Para isso, a Prefeitura de Aracaju partiu de uma situação de desarranjo financeiro, com dívidas de curto prazo acumuladas ao final de 2016 na ordem de R$540 milhões, ou seja, cerca de 30% do valor da receita corrente do Município à época. O primeiro ponto, então, foi regularizar o pagamento aos fornecedores, aos servidores que estavam com dois salários atrasados, assim como os serviços públicos, como educação, saúde e limpeza. Para tanto, iniciou-se uma política econômica de austeridade, contenção de gastos e renegociação desses débitos, que foram parcelados entre 12 meses e 48 meses, como relembra o secretário municipal da Fazenda, Jeferson Passos.
“O primeiro grande objetivo do programa de reestruturação fiscal era organizar as finanças e colocar o município em uma rota de funcionamento normal de prestação de serviços para a sociedade. Mesmo com o ajuste fiscal, nós não paralisamos nenhum serviço. O ajuste nos permitiu, ao contrário, ofertar serviços que haviam sido interrompidos por conta da falta de pagamentos. O segundo objetivo do ajuste fiscal foi justamente criar condições para implementar um programa de investimentos, ter espaço fiscal para poder realizar as obras de infraestrutura e alavancar a oferta de serviços na área social, assim como promover o desenvolvimento econômico e preparar a cidade para o seu crescimento”, pontua Jeferson.
Organizar as finanças, ressalta o secretário, é fundamental para recuperar a confiança tanto dos organismos financeiros quanto da própria União, que atua como avalista para os municípios que buscam financiamento. Uma administração que não mantém o cuidado necessário com suas contas entra em uma armadilha: primeiro, não dispõe de recursos próprios para fazer as obras necessárias para fomentar o desenvolvimento e segundo, ao recorrer a recursos de terceiros em tal situação de desequilíbrio financeiro, precisa aceitar um custo de empréstimo muito mais caro.

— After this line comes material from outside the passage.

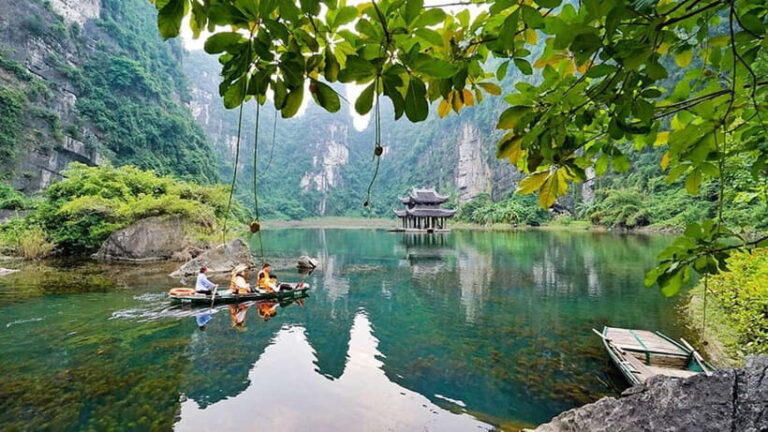 Ninh Binh Day Tour: Hoa Lu, Trang An Mua Cave, Boat Ride - Lunch: Tasting Ninh Binh’s Local Cuisine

Conforme salienta o secretário da Fazenda de Aracaju, a lógica é simples: se você está com orçamento organizado, possui uma boa avaliação de crédito, as instituições financeiras emprestam com uma taxa de juros menor, uma vez que o risco de inadimplência é menor. E como o Governo Federal é o ente “fiador”, uma boa avaliação de confiança na capacidade de pagamento, após análise realizada pela Secretaria de Tesouro Nacional (STN) é fundamental.
“A primeira consequência dessa melhoria das condições financeiras a gente pôde perceber ainda em 2018, a partir da avaliação feita pelo STN, elevando a nossa nota de C, que é ruim e não garante aval da União como garantidora da operação, o que significa taxas de juros bem maiores, para B e posteriormente, em 2019, alcançamos a nota A, o que nos permitiu acessar recursos mais baratos que alavancaram muitas das obras e investimentos realizados. Nós mantivemos esse equilíbrio fiscal, a avaliação positiva e isso, inclusive, chamou a atenção de diversos organismos internacionais que passaram a nos procurar para ofertar crédito”, conta o secretário.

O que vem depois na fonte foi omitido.